Islam in Shirley Jackson's the Lottery/L'ISLAM DANS LA LOTERIE DE SHIRLEY JACKSON

Article excerpt

Abstract:

This paper examines a cross-cultural concern in Shirley Jackson's The Lottery, underlining the story's striking allusions to Islam which can be categorically seen in the following five aspects: the symbolic black-box, stoning, the status of women, the fixed annual date(s) of the lottery, and the act of calling the participants in the lottery five times (calls), in addition to further points regarding characterization and scapegoat. It turns out that The Lottery is a carefully-woven complexity of symbols allegorizing Islam. Above all, Jackson's symbolic black box shares a great deal of the distinctions of the Ka'ba and the Black Stone and the brutal ancient rite she recruits echoes the two aspects of stoning in Islamic Hajj and Islam's penal law regarding adultery. Besides, the annual dates of the lottery reflect on annual rituals in Islam, with additional significance of the twenty-seventh (and twenty-sixth) day of the month. Further, the status of Jackson's women perhaps alludes to propaganda-views of women's secondary position in Islam, and the story possibly points to Islamic prayer. Nonetheless, the allegory of Islam in The Lottery seems to reflect Jackson's vague, confused, superficial, and stereotypical perception of Islam and Islamic rituals.

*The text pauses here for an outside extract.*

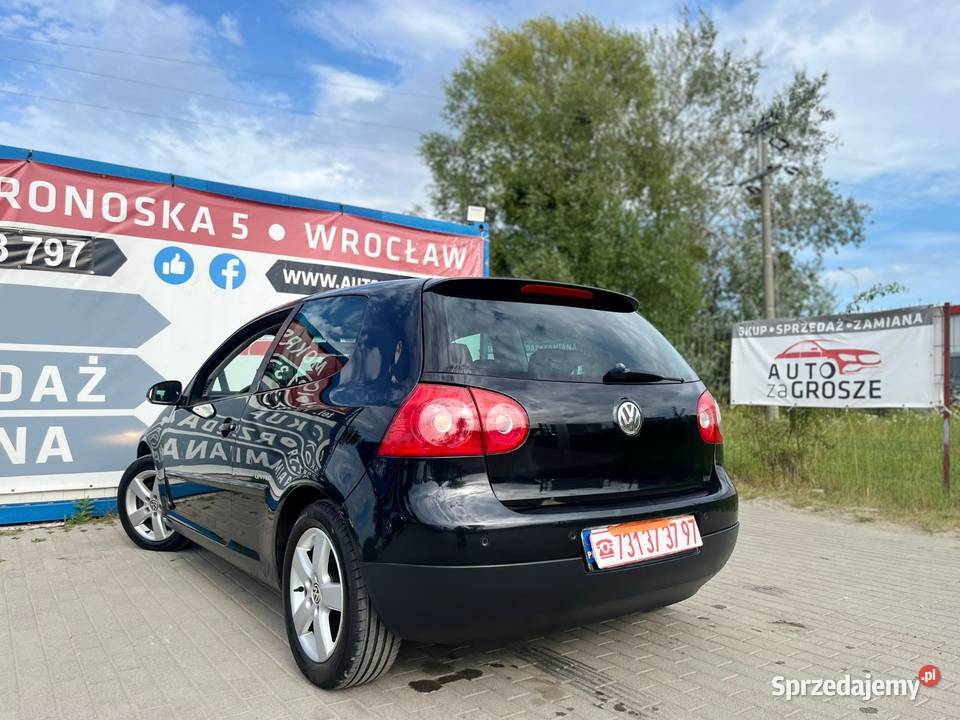Volkswagen Golf V 14 TSI 2008 UNITED Alufelgi Wrocław sprzedam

Key words: Shirley Jackson; The Lottery; Islam; Symbolism; allusion; cross-cultural stereotypes

Résumé: Cet article examine une préoccupation interculturelle dans La Loterie de Shirley Jackson, en soulignant les allusions frappantes de l'histoire vis-à-vis de l'Islam qui peut être catégoriquement vu dans les cinq aspects suivants: la symbolique «boîte noire», la lapidation, le statut des femmes, la date annuelle fixe de la loterie et l'acte d'appeler cinq fois les participants à la loterie (appels), en plus des points supplémentaires concernant la caractérisation et la désignation de boucs émissaires. Il s'avère que La Loterie est une complexité soigneusement tissée de symboles allégorisant l'Islam. Surtout, la boîte noire symbolique se réfère aux caractéristiques de la Ka'ba, et les termes de la "pierre noire" et du "rite antique brutal" qu'elle utilise renvoient aux deux aspects de la lapidation du Hajj islamique et au droit pénal islamique concernant l'adultère.En outre, la date annuelle de la loterie reflète les rites annuels dans l'Islam, avec une signification additionnelle de la vingt-septième (et vingt-sixième) jour du mois.De plus, le statut de la femme de Jackson fait allusion peut-être à la vue propagande de la position secondaire des femmes dans l'Islam, et l'histoire pointe peut-être sur la prière islamique.Néanmoins, l'allégorie de l'Islam dans La Loterie semble reflète une conception vague, confuse, superficielle et stéréotypée de Jackson sur l'Islam et sur des rituels islamiques.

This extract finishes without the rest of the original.